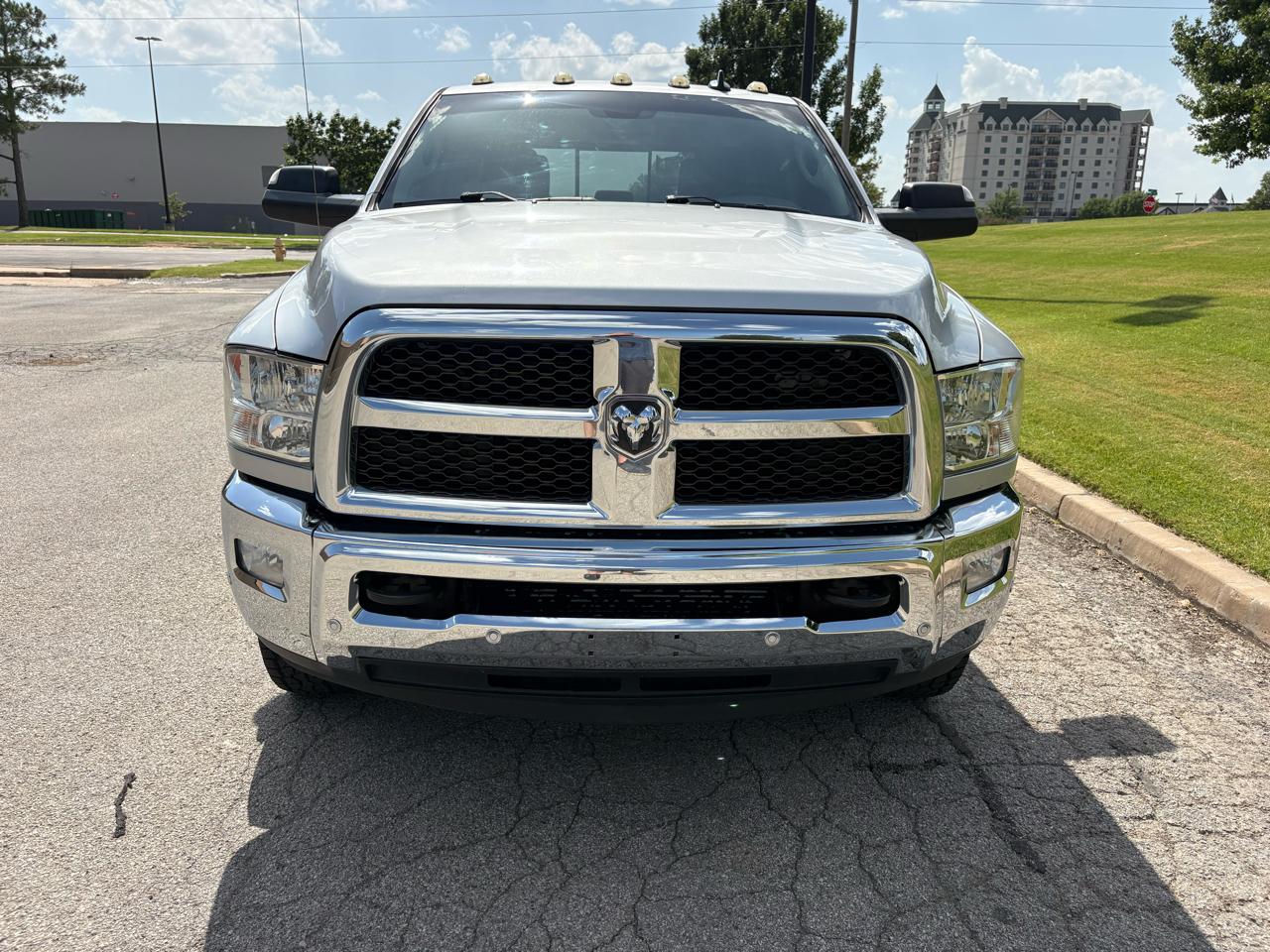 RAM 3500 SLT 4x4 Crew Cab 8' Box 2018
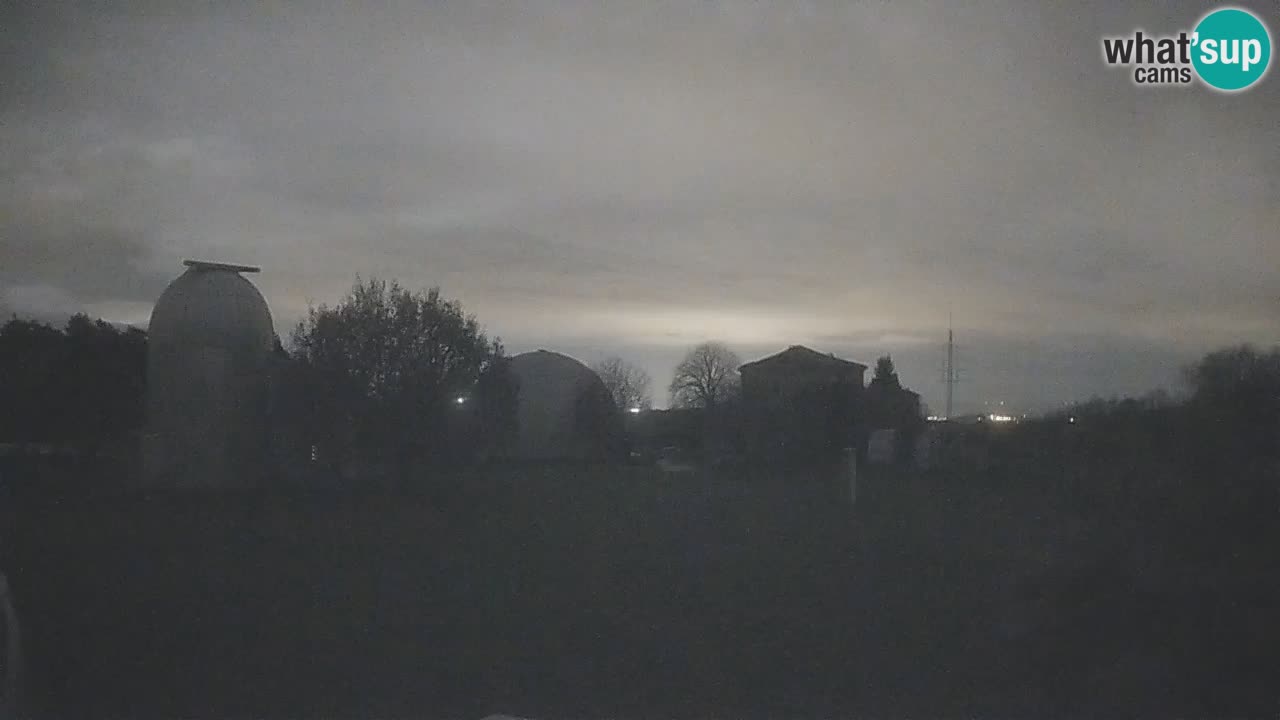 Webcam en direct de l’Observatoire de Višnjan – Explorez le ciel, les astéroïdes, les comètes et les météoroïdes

...

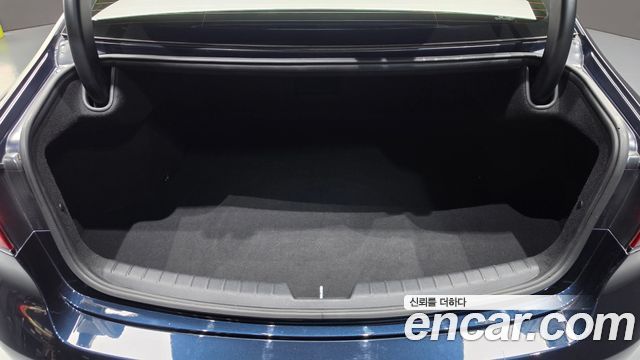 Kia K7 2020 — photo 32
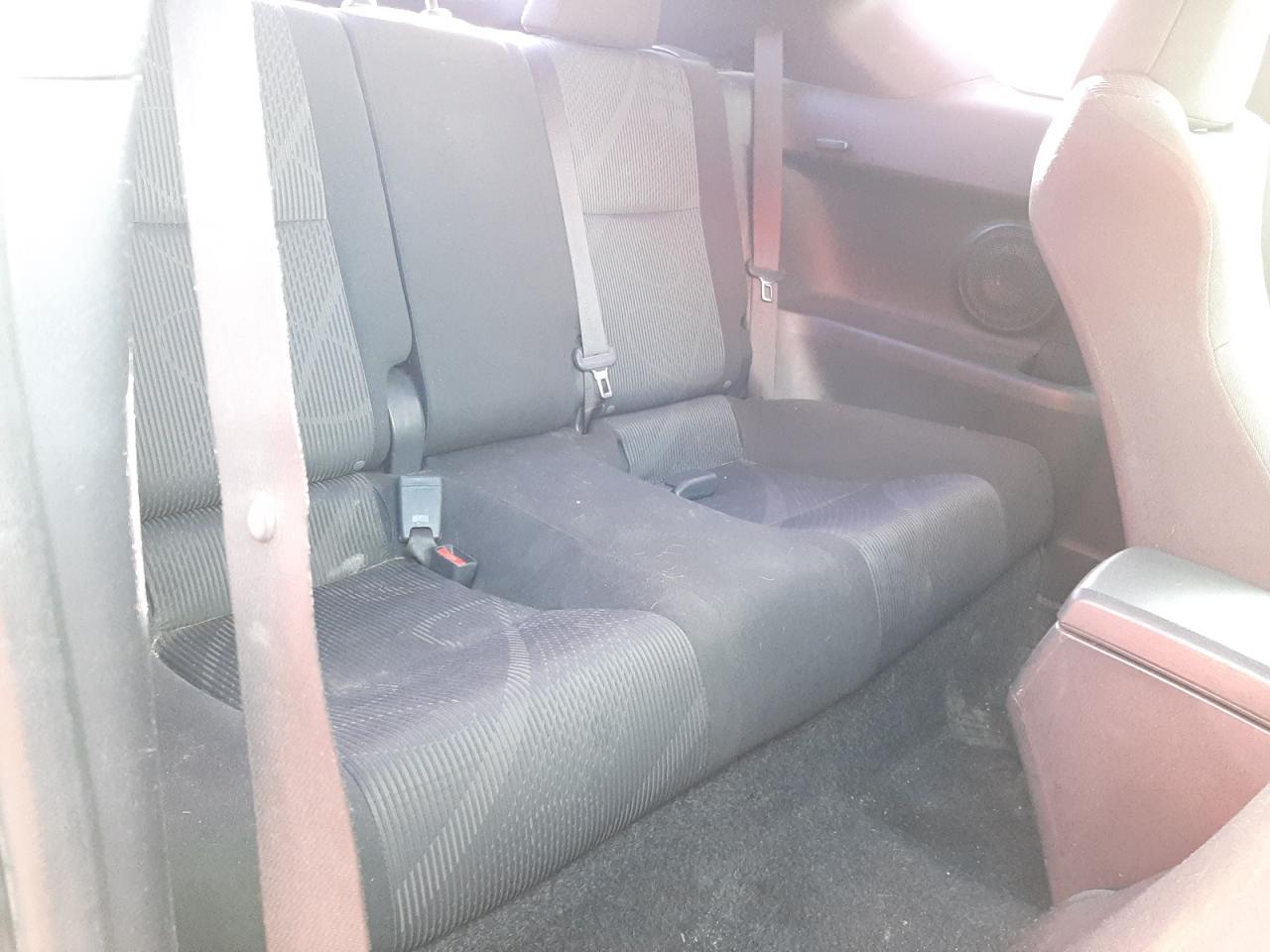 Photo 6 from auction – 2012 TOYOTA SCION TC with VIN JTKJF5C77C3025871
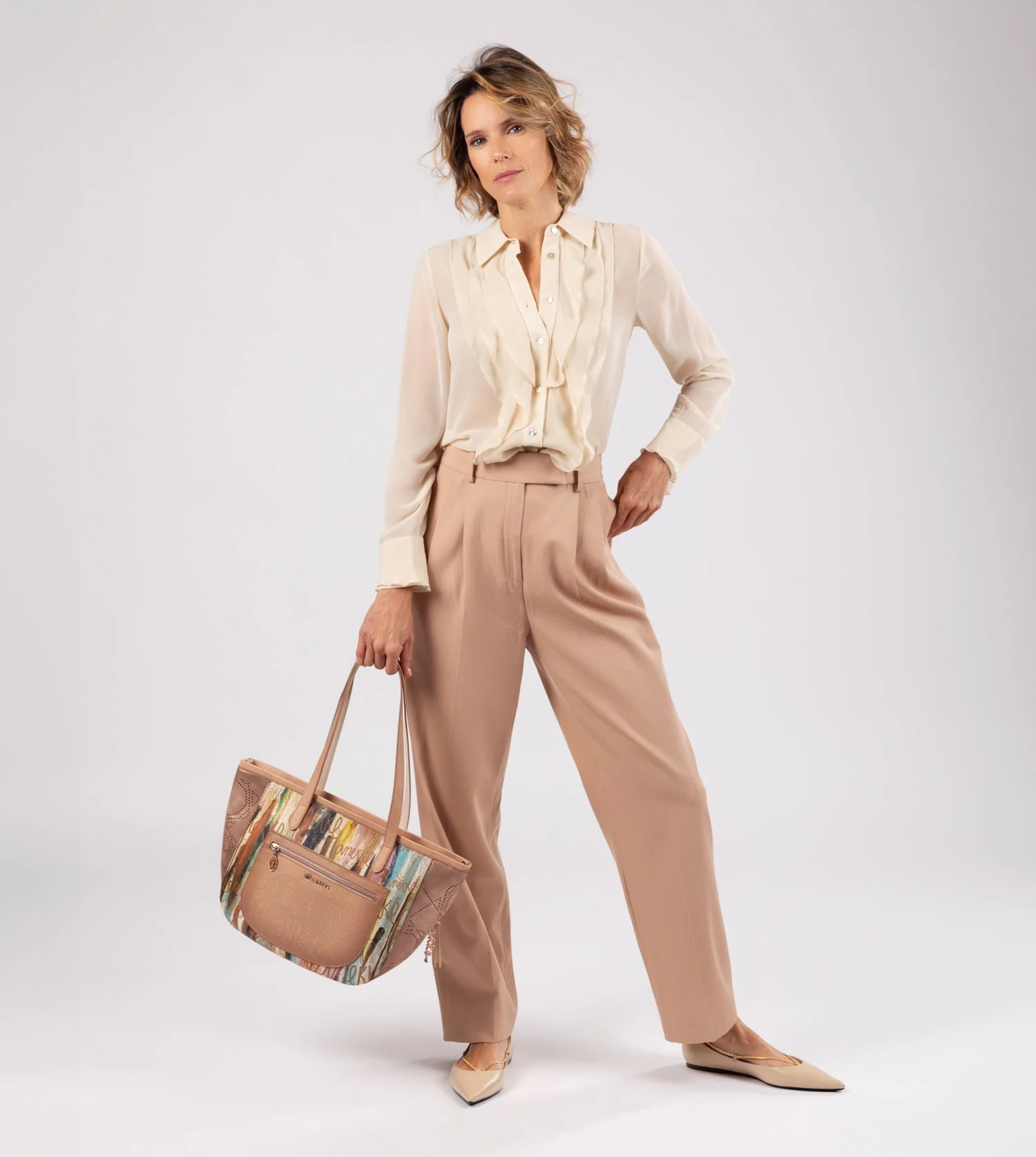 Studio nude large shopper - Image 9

==

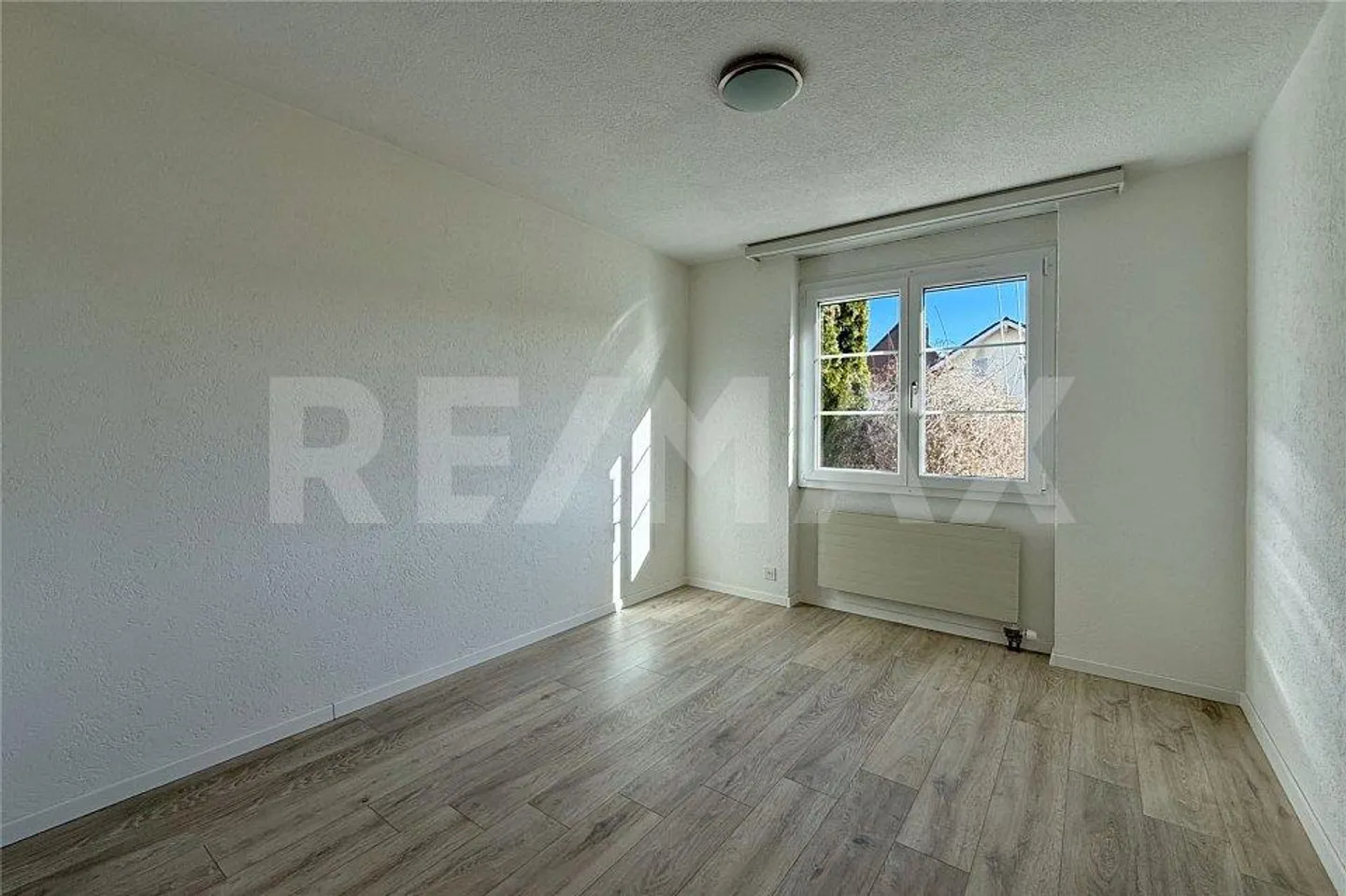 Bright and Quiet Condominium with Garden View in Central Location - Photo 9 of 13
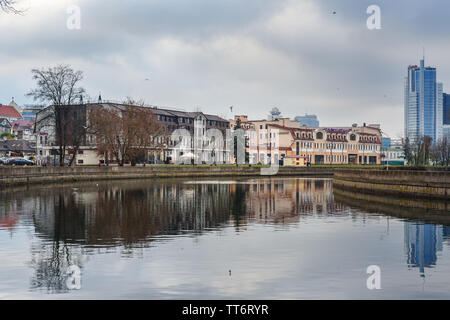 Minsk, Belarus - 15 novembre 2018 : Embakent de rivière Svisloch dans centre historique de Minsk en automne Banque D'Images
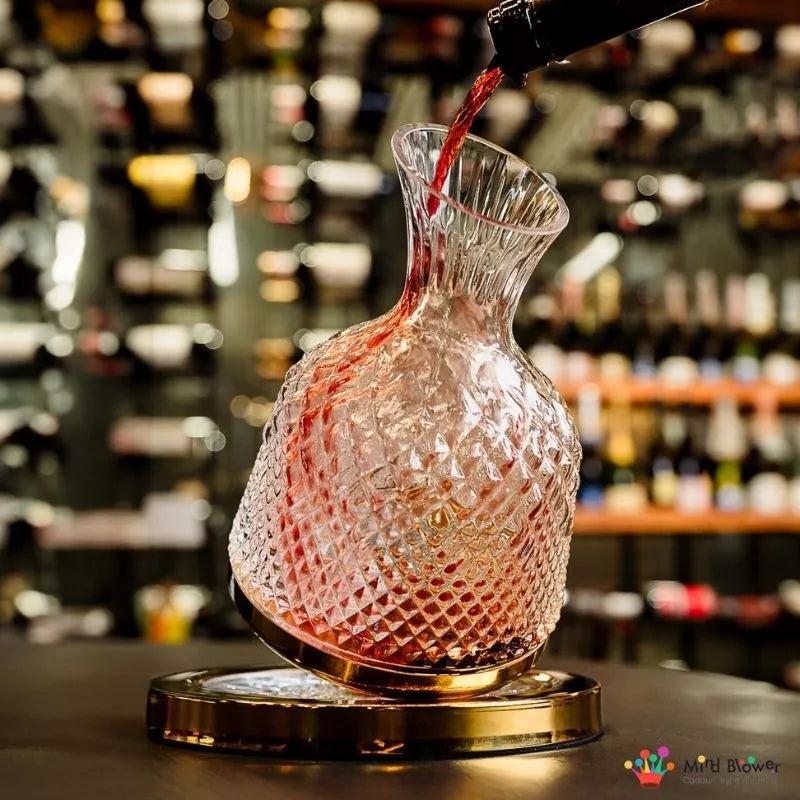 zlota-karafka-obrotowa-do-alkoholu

▶ [EXERCISE INSTRUCTIONS]:
Give back exactly the lines above from the one with "RAM 3500 SLT 4x4 Crew Cab 8' Box 2018" through the one with "Webcam en direct", both included. Pictures don't belong in the copy.

▶ [EXERCISE RESPONSE]:
 RAM 3500 SLT 4x4 Crew Cab 8' Box 2018
 Webcam en direct de l’Observatoire de Višnjan – Explorez le ciel, les astéroïdes, les comètes et les météoroïdes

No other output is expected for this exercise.